(YOUR OBJECTIVE) An exact transcription of the lines below, from the first through the one containing "Mutlu noeller. Noel", is the only output wanted.

Short descriptive text snippets:
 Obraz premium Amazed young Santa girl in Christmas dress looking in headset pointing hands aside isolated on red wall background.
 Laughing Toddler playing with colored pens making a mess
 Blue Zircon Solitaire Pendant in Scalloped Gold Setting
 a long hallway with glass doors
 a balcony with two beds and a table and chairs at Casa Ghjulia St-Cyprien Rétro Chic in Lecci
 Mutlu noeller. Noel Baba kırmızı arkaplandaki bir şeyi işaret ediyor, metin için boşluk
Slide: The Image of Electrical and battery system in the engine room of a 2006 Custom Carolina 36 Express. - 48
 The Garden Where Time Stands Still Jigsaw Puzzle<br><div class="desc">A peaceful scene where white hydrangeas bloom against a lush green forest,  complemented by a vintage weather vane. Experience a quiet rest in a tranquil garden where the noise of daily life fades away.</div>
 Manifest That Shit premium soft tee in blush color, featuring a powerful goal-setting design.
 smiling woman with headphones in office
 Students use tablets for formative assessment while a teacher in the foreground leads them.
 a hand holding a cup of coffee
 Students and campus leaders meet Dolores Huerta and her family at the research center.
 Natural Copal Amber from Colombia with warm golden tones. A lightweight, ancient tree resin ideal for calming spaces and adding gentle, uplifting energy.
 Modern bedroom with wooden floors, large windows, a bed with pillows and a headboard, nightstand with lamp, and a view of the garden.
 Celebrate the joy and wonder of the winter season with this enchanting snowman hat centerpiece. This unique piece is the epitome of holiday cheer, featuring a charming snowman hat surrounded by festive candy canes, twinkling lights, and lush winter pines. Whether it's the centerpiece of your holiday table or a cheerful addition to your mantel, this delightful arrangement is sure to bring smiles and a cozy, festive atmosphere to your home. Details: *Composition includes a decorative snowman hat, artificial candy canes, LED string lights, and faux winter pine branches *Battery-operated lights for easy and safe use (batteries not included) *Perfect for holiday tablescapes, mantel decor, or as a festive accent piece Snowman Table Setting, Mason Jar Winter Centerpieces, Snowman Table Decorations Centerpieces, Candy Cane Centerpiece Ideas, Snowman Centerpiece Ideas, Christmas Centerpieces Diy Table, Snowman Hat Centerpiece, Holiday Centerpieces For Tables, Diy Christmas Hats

(EXERCISE SOLUTION)
 Obraz premium Amazed young Santa girl in Christmas dress looking in headset pointing hands aside isolated on red wall background.
 Laughing Toddler playing with colored pens making a mess
 Blue Zircon Solitaire Pendant in Scalloped Gold Setting
 a long hallway with glass doors
 a balcony with two beds and a table and chairs at Casa Ghjulia St-Cyprien Rétro Chic in Lecci
 Mutlu noeller. Noel Baba kırmızı arkaplandaki bir şeyi işaret ediyor, metin için boşluk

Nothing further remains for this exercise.